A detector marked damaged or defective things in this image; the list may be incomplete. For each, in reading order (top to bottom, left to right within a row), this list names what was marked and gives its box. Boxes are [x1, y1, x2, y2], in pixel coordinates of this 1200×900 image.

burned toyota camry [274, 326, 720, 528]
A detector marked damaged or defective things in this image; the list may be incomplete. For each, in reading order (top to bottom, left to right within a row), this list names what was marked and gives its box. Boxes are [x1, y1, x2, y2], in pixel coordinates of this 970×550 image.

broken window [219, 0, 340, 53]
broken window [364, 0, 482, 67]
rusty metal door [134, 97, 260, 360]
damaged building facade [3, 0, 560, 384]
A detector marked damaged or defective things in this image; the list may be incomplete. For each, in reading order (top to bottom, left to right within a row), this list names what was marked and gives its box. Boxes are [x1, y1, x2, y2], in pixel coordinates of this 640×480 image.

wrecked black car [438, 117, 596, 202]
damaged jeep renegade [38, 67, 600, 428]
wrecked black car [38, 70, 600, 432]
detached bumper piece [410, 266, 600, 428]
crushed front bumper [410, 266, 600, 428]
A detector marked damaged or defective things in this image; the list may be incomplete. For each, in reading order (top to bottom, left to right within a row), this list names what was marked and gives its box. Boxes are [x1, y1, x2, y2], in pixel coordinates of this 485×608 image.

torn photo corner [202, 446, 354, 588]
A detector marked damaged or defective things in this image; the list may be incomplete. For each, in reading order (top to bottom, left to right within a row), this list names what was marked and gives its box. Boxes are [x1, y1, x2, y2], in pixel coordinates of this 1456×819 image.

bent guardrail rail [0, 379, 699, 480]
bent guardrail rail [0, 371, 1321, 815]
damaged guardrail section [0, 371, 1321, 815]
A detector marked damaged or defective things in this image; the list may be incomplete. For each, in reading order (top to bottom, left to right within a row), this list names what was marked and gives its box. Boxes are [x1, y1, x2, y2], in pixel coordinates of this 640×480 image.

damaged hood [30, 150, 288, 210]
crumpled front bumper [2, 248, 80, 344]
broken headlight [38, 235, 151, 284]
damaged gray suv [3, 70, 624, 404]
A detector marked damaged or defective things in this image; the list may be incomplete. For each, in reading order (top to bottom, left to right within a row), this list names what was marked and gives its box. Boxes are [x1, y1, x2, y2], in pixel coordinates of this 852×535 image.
────────────────────
» **Task goal**:
Every line above is to be transcribed exactly, with nothing dropped.

» **Result of this task**:
A detector marked damaged or defective things in this image; the list may be incomplete. For each, in reading order (top to bottom, left to right within a row), this list names what was marked and gives its box. Boxes are [x1, y1, x2, y2], in pixel coordinates of this 1200×900 image.

burned toyota camry [274, 326, 720, 528]
A detector marked damaged or defective things in this image; the list may be incomplete. For each, in reading order (top to bottom, left to right within a row), this list names what was marked and gives its box. Boxes are [x1, y1, x2, y2], in pixel coordinates of this 970×550 image.

broken window [219, 0, 340, 53]
broken window [364, 0, 482, 67]
rusty metal door [134, 97, 260, 360]
damaged building facade [3, 0, 560, 384]
A detector marked damaged or defective things in this image; the list may be incomplete. For each, in reading order (top to bottom, left to right within a row), this list names what was marked and gives its box. Boxes are [x1, y1, x2, y2], in pixel coordinates of this 640×480 image.

wrecked black car [438, 117, 596, 202]
damaged jeep renegade [38, 67, 600, 428]
wrecked black car [38, 70, 600, 432]
detached bumper piece [410, 266, 600, 428]
crushed front bumper [410, 266, 600, 428]
A detector marked damaged or defective things in this image; the list may be incomplete. For each, in reading order (top to bottom, left to right within a row), this list names what was marked and gives its box. Boxes are [x1, y1, x2, y2], in pixel coordinates of this 485×608 image.

torn photo corner [202, 446, 354, 588]
A detector marked damaged or defective things in this image; the list may be incomplete. For each, in reading order (top to bottom, left to right within a row), this list names what was marked and gives its box. Boxes are [x1, y1, x2, y2], in pixel coordinates of this 1456×819 image.

bent guardrail rail [0, 379, 699, 480]
bent guardrail rail [0, 371, 1321, 815]
damaged guardrail section [0, 371, 1321, 815]
A detector marked damaged or defective things in this image; the list may be incomplete. For each, in reading order (top to bottom, left to right within a row), this list names what was marked and gives its box. Boxes are [x1, y1, x2, y2], in pixel coordinates of this 640×480 image.

damaged hood [30, 150, 288, 210]
crumpled front bumper [2, 248, 80, 344]
broken headlight [38, 235, 151, 284]
damaged gray suv [3, 70, 624, 404]
A detector marked damaged or defective things in this image; the list may be incomplete. For each, in reading order (top to bottom, left to right within a row), this list names what was marked and gives its box. Boxes are [x1, y1, x2, y2], in pixel coordinates of this 852×535 image.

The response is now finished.